Reddit, known birthplace of the MRA movement and “creepshots,” has finally done something right by featuring intersex woman and Adventure Time Production Coordinator Emily Quinn on their weekly AMA (ask me anything) thread.

Just in time for Intersex Awareness Day, Quinn’s post made it to the front page, gathering over 1600 upvotes and 1004 comments.

Quinn is an advocate for Advocates of Informed Choice, an organization that provides awareness to intersex people. She first came out as an intersex in a PSA for MTV. In it, she writes, “No, seriously! I have balls. Not, like, basketballs, or footballs.  I’m a girl who has testes.”

Quinn has Complete Androgen Insensitivity Syndrome (CAIS), which means that her body is unresponsive to testosterone and is phenotypically female. She has undescended testes and XY chromosomes which makes her biologically a combination of being both male and female, but has breasts and a vagina.

The glorious part of Reddit’s AMA is that anything goes, or at least, anything that the interviewee is willing to answer by quirky, impenitent Redditors. However, this unfortunately leads to users taking advantage of their posting anonyomity by asking inappropriate questions.

Despite their natural curiosity, the AMA led to Quinn answering insensitive questions like, “How did you learn about this birth defect?” and “So you have a vagina and a ballsack?” But she kept answering, informing the general public about the “I” in LGBTQIA.


Here are her best responses that declare her unapologetic beauty:


  1. Her answer to “What exactly is intersex?”

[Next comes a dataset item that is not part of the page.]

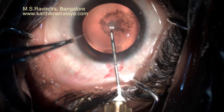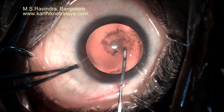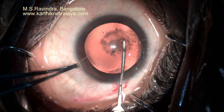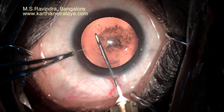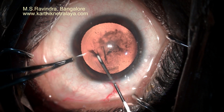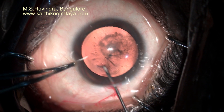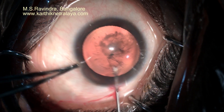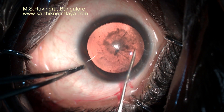A tunnel floor entry method uses a cystitome to create a rhexis through a stable entry chamber. The chamber is deep because it is filled with viscoelastic. Visibility is very good. There are no wrinkles in the cornea, even in the proximal zone where the tunnel is made, because you entered the chamber through the floor of the tunnel and not through the length of the tunnel.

Unfortunately, intersex (not intrasex!) is pretty complex, which is why most people don’t know about it or understand what it is. But basically, it means that somebody is born with traits that don’t quite fit in the “male” and “female” boxes. Because sex is a spectrum, there are so many possible variations. You could have someone like me, who starts to develop as a male in the womb but then doesn’t respond to the testosterone and develops differently (androgen insensitivity). You could have someone who is like a typical female in every way, except they don’t have a uterus (MRKH). You could have a typical male who’s urethra doesn’t come out at the tip of the penis but rather somewhere else along the shaft (hypospadias). There are so many possibilities and variations, it’s hard to pin down in a simple explanation.

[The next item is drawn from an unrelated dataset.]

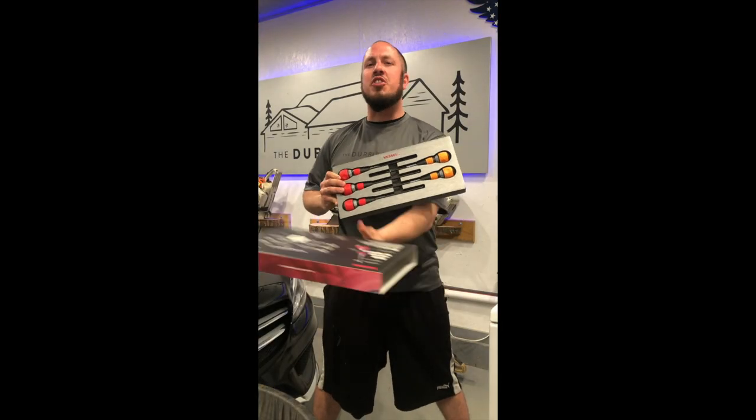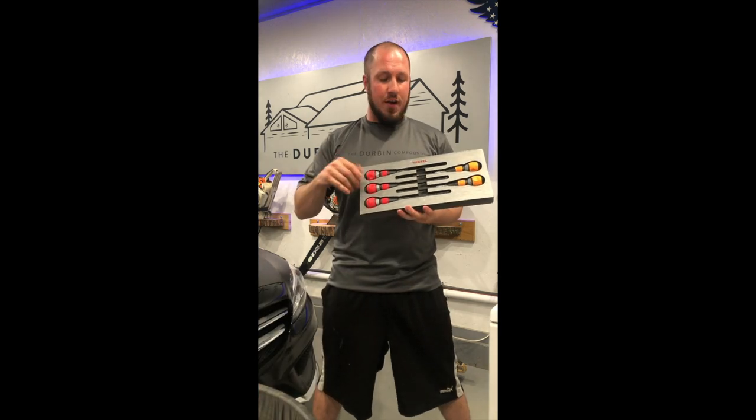Are you guys screwdriver snobs just like me? I decided to check out the Vessel screwdrivers.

I have a vagina, but my gonads (the umbrella term for testes or ovaries or both) are testicular in nature. They do produce testosterone, lots of it, but my body doesn’t know what to do with it. It ends up turning some of it into estrogen because bodies are amazing.


  1. Her thoughts on gender identity, gender roles, and the LGBTIA movement

“That’s definitely a struggle that I still deal with, and that I think most intersex people deal with – figuring out what your sex means about your gender identity. I definitely feel like a woman, but there are little factors here and there that remind me that I’m different. I’m six feet tall for instance, which doesn’t necessarily mean anything, but for me it’s still a reminder that I’m not like typical women. I definitely check in with myself every now and then just to make sure I still feel like a woman, if that makes sense.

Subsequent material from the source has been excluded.